## [What you will do]
From the entries below, reproduce exactly the line containing "操作簡便 手推汽油大蒜行播種機 零故障質量可靠 德意播國貨精品", the line containing "Sunday, July 13", and every line in between, with nothing added.

# # # # #

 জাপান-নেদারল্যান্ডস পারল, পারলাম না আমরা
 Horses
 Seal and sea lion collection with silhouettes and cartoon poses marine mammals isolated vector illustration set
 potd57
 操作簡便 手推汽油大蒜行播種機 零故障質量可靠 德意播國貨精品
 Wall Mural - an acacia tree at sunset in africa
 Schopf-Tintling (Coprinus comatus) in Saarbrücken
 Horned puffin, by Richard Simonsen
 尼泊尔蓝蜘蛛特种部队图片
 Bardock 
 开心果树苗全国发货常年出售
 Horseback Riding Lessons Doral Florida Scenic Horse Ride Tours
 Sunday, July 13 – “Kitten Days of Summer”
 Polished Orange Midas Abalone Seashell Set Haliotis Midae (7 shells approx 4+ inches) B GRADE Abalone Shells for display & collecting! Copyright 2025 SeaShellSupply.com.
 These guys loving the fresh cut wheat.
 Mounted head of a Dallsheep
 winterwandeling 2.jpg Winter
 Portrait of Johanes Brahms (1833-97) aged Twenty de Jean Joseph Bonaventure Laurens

# # # # #

## [Solution for this task]
 操作簡便 手推汽油大蒜行播種機 零故障質量可靠 德意播國貨精品
 Wall Mural - an acacia tree at sunset in africa
 Schopf-Tintling (Coprinus comatus) in Saarbrücken
 Horned puffin, by Richard Simonsen
 尼泊尔蓝蜘蛛特种部队图片
 Bardock 
 开心果树苗全国发货常年出售
 Horseback Riding Lessons Doral Florida Scenic Horse Ride Tours
 Sunday, July 13 – “Kitten Days of Summer”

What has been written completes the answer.